As Thorndike began to search for space to open his business, he was simultaneously working with other alums to maintain the building at 156 High Street, which had previously housed his fraternity Delta Tau Delta before they became inactive.
“It was one of them [a fraternity brother] who suggested to me to use the old eating club, which wasn’t being used at the time,” Thorndike said. “When we came up to take a look at it, we had in mind that we wanted to be on a college campus, and because I had gone to Wesleyan I knew the campus and students.”
While 156 High looked nothing like the current polished ‘Swings interior, and the renovation was a complicated process, Thorndike stayed motivated and “hungry” for success throughout the building’s restoration.
“I had a lot of confidence it was going to work,” Thorndike said. “Looking back, it’s good when you’re young and dumb because if you knew what could go wrong you probably wouldn’t do it.”
After Thorndike and co-owner Karen Kaffen-Polascik spent several months dusting off the cobwebs and old food that had amassed over two years of vacancy, they opened in February of 1991. There were 30 seats, some couches, a pool table and, as Thorndike laughed, “what at the time seemed to be a big screen TV.” At first, ‘Swings was mostly for late night eating, staying open until 11 pm on weeknights and 1 am on weekends to cater to a crowd that today heads to Late Night or Whey.
It was around this time in the fall of 1993 that Wesleyan was revamping its meal plan. The University only required freshmen to access a meal plan, but it was looking to create a uniform meal plan across all grades, the likes of which we have today. As a part of easing the transition to this mandatory meal plan, Wes administrators decided to incorporate various school eating institutions such as Star & Crescent and Chic Chaque (RIP) into the dining plan, and offered Wes Wings a spot as well.
“It gave business a huge boost,” said Thorndike. “It also changed a lot of what Wes Wings was. Where at the time we were this late night hangout place, we then became much busier and just focused on lunch and dinner, without being open late at night.”
Since their major ascendance up the Wesleyan food chain, ‘Swings has seen business grow every year despite the fact that their customer base is fixed. As Thorndike examined how Wes Wings has continued to grow in popularity, he cites their latest total renovation of the space in 2007, along with a variety of ways a small business owner can innovate, as reasons for their success.

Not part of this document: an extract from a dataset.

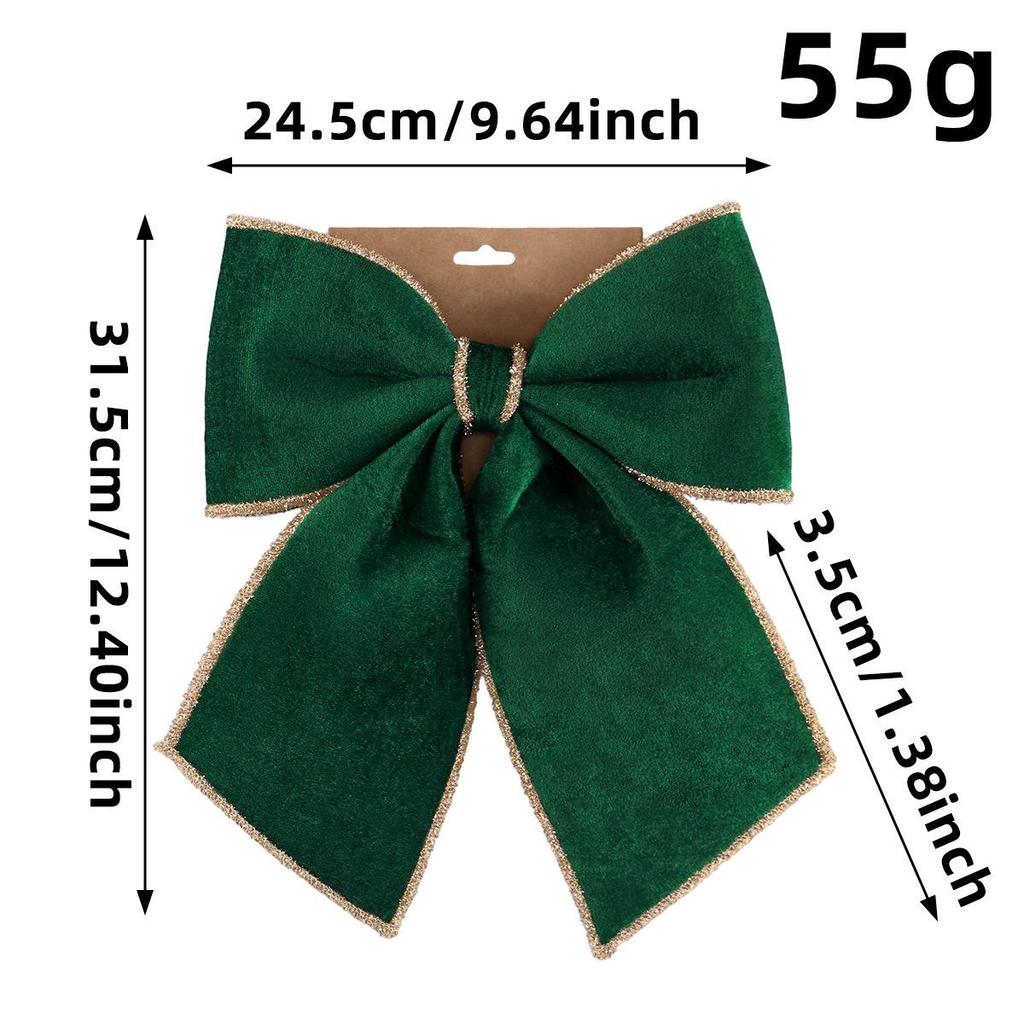 Handmade Red Velvet Christmas Bow Ornaments for Party Décor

“Our weekend brunch, for example, has become a really big thing,” Thorndike said. “Back in the fall of 2006, O’Rourke’s Diner on Main Street burned to the ground. Brian [the owner] did not have fire insurance and didn’t know what he was going to do. We were looking for a new chef, and approached him about working for us during the fall while he figured things out. It was at this time that our breakfast really started to increase and he helped us do different menus and specials we had never done before. We got a lot of hype and publicity and started to realize how much more business we could handle at brunch.”
One of Thorndike’s most popular brunch creations, the Breakfast Pail, was actually sparked by student employees.

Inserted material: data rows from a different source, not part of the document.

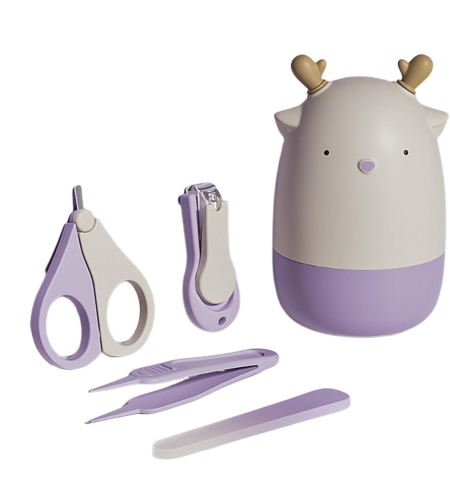 Set 4in1 de Ingrijire Unghii pentru Bebelusi, Flippy, Cutie de Depozitare Tip Cerb, 0-6 Ani, 11 x 6 x 11 cm, Mov
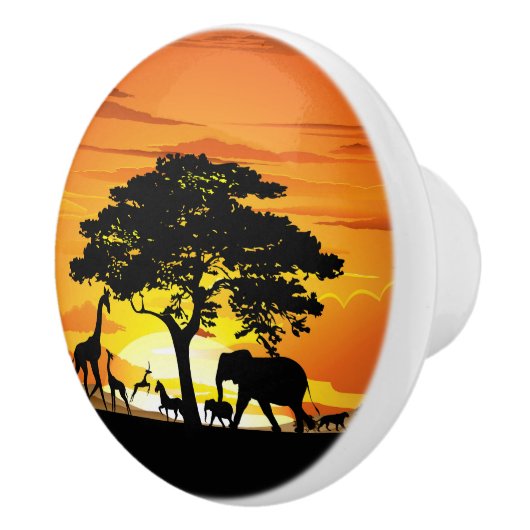 Wilde Tiere auf der afrikanischen Savanna Sunset Keramikknauf (Rechts)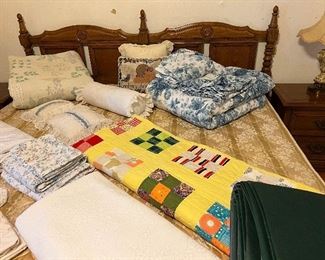 Vintage quilt and linens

“The Pail really came out of how, during a meal, our student workers would put together a small snack while they were eating. They would take a soup cup and grab a couple poached eggs and some potatoes. They started eating this mishmash, and one day we realized it would be a great special. It was the students’s own habits that created the Breakfast Pail.”
Thorndike is content with Wes Wings’s growth over the years into one of the premiere eating options on campus, and marvels at how they are now serving students who were not alive at ‘Swings’s inception. He still is constantly motivated to increase Wes Wings’s business and their relationship with the Wesleyan community. All it takes is one bite into a steaming Breakfast Pail the morning after a night out, and it’s obvious that Wes Wings is here to stay.